* _Problem to solve_
Retype the data below verbatim; pictures do not belong in the copy.
*** Records for this task ***
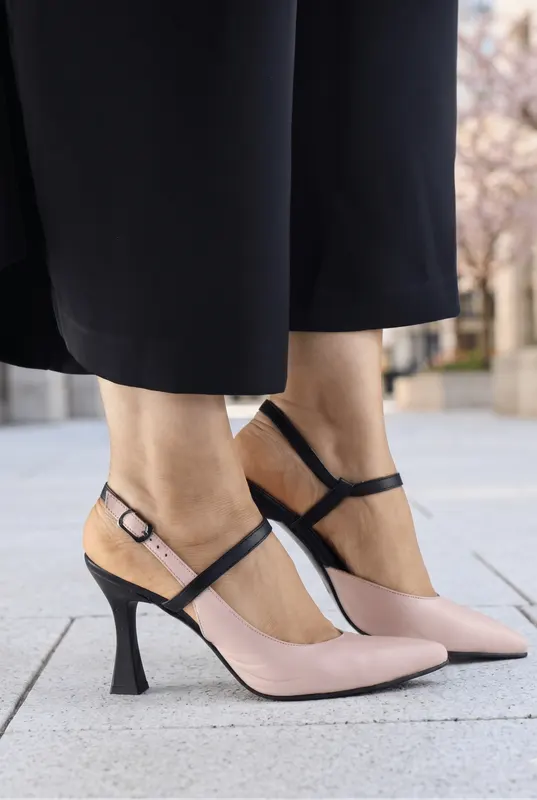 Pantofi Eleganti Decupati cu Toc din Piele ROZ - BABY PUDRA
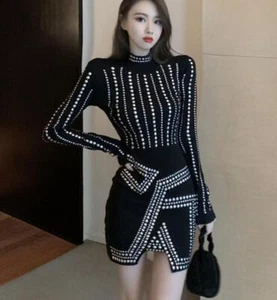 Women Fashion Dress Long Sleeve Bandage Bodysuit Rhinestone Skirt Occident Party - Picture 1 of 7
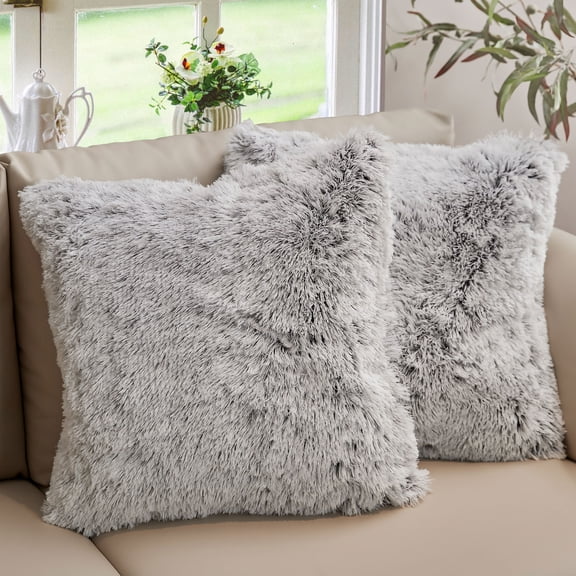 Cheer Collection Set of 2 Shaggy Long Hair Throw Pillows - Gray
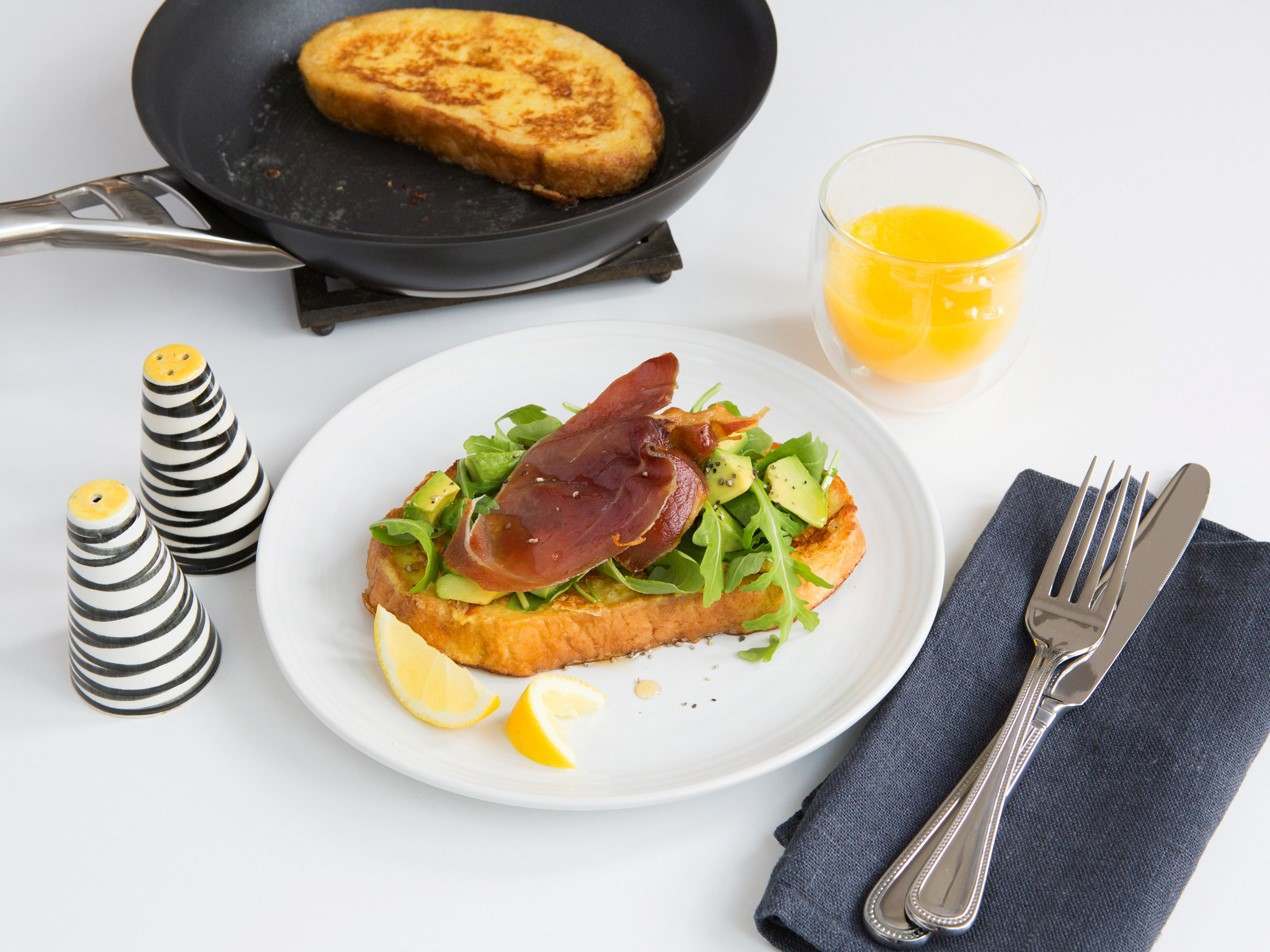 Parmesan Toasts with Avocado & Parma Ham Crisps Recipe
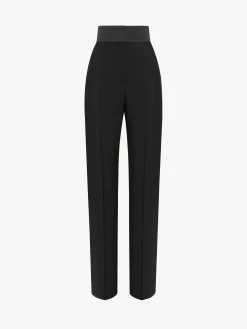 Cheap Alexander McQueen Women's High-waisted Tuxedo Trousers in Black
*** End of Records for this task ***
* _Answer to the exercise_
 Pantofi Eleganti Decupati cu Toc din Piele ROZ - BABY PUDRA
 Women Fashion Dress Long Sleeve Bandage Bodysuit Rhinestone Skirt Occident Party - Picture 1 of 7
 Cheer Collection Set of 2 Shaggy Long Hair Throw Pillows - Gray
 Parmesan Toasts with Avocado & Parma Ham Crisps Recipe
 Cheap Alexander McQueen Women's High-waisted Tuxedo Trousers in Black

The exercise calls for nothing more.